Scraped caption text data
┄┄┄┄┄┄┄┄┄┄┄┄┄┄┄┄┄┄┄┄
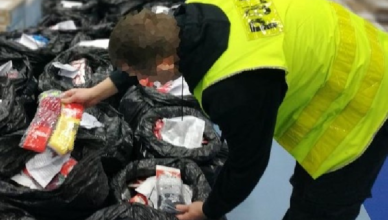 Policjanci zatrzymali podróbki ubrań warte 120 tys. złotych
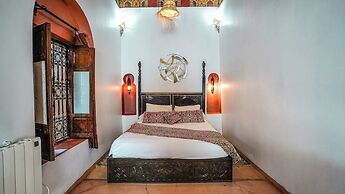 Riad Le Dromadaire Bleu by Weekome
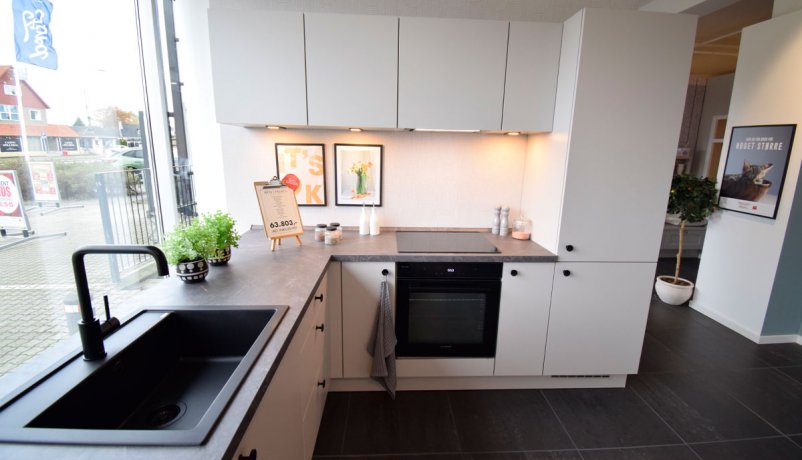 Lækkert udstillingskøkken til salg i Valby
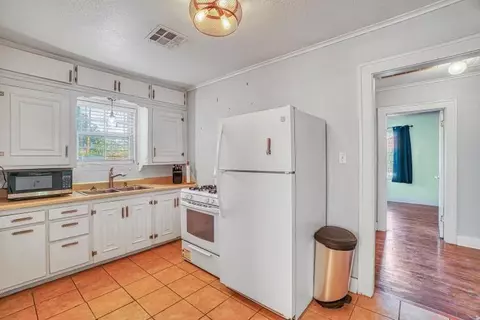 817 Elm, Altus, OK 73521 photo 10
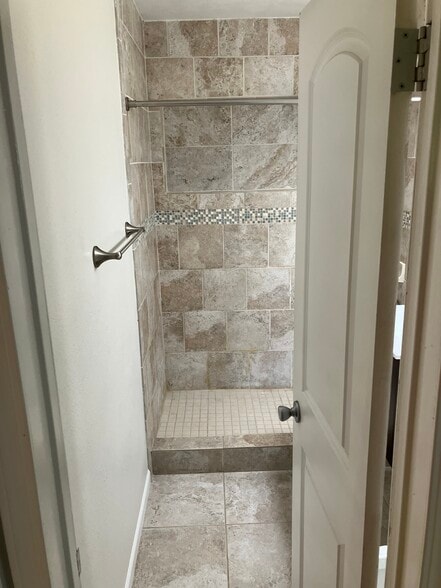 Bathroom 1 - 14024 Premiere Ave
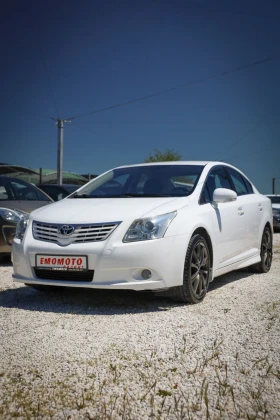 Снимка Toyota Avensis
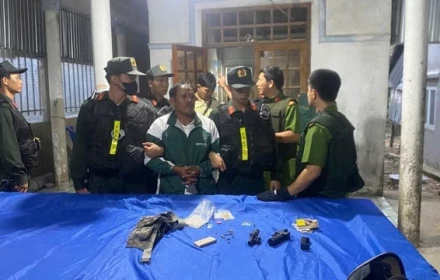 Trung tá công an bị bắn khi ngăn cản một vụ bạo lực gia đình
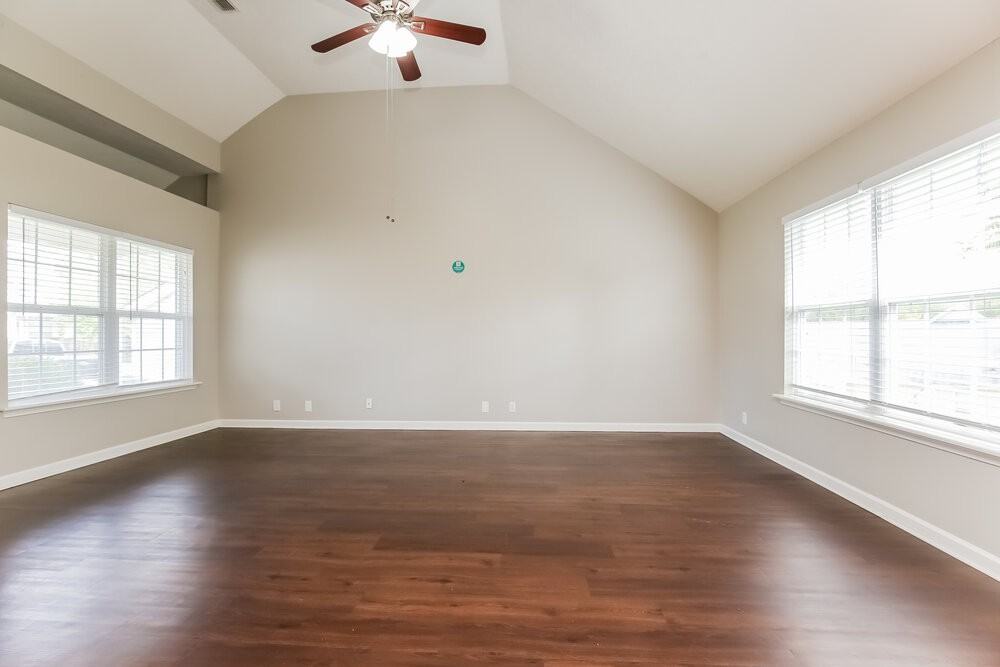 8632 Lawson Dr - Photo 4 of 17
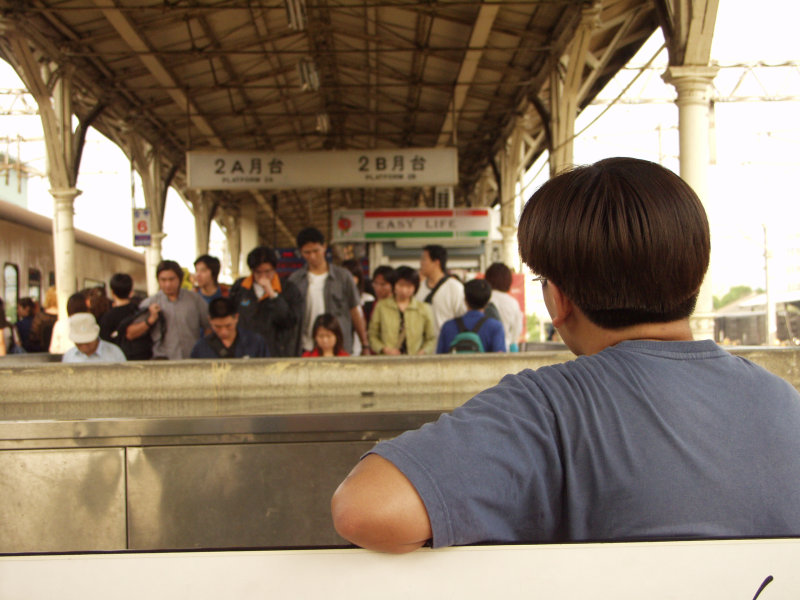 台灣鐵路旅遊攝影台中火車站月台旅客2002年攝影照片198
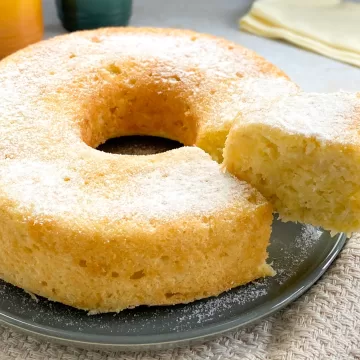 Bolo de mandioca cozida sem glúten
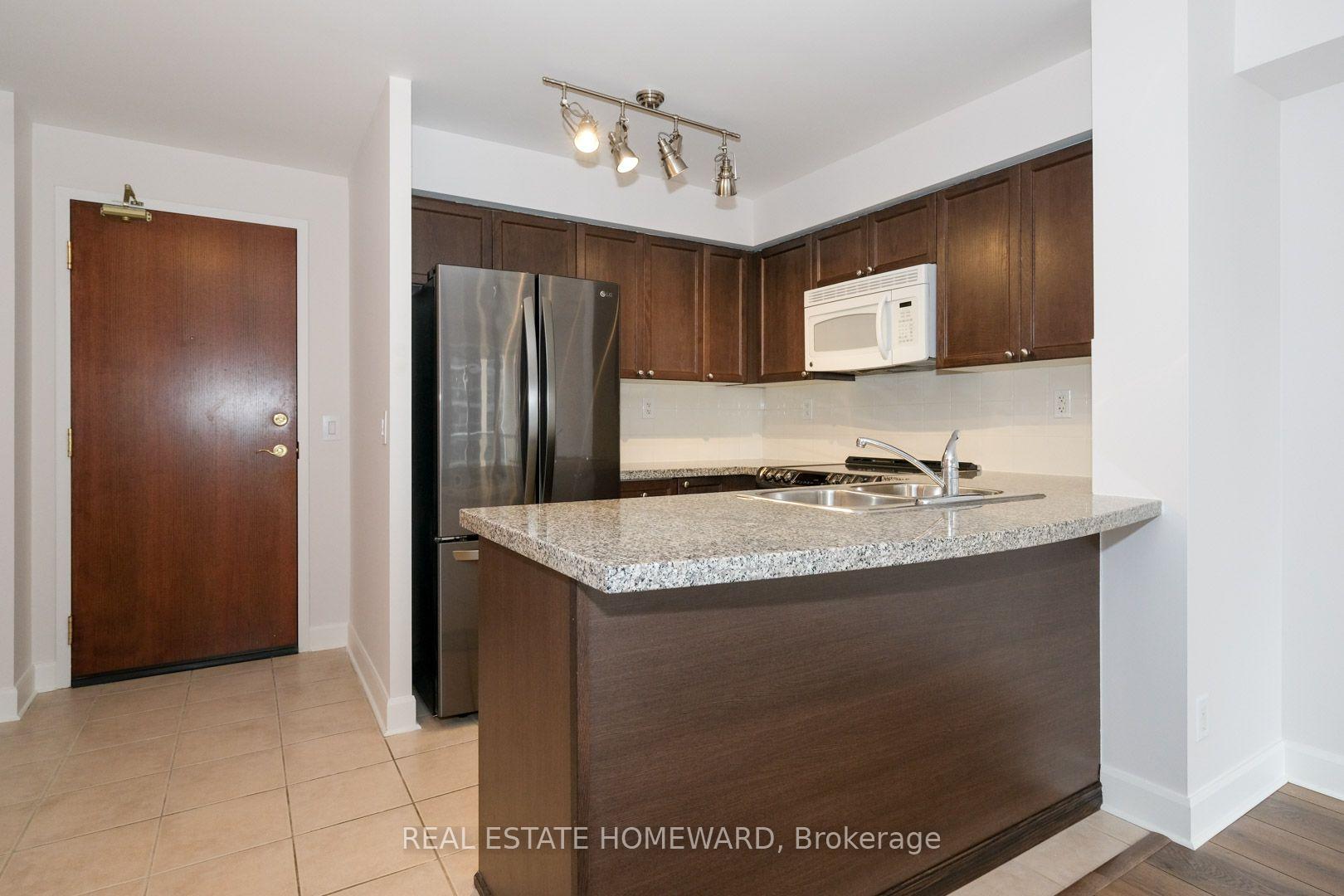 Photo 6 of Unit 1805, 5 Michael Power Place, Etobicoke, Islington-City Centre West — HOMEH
┄┄┄┄┄┄┄┄┄┄┄┄┄┄┄┄┄┄┄┄
• _WHAT YOU NEED TO DO_
Retype the line containing "8632 Lawson Dr - Photo 4 of 17" and each line after it through the last line of the entries above, exactly, with no pictures and nothing else.

• _ANSWER TO THE EXERCISE_
 8632 Lawson Dr - Photo 4 of 17
 台灣鐵路旅遊攝影台中火車站月台旅客2002年攝影照片198
 Bolo de mandioca cozida sem glúten
 Photo 6 of Unit 1805, 5 Michael Power Place, Etobicoke, Islington-City Centre West — HOMEH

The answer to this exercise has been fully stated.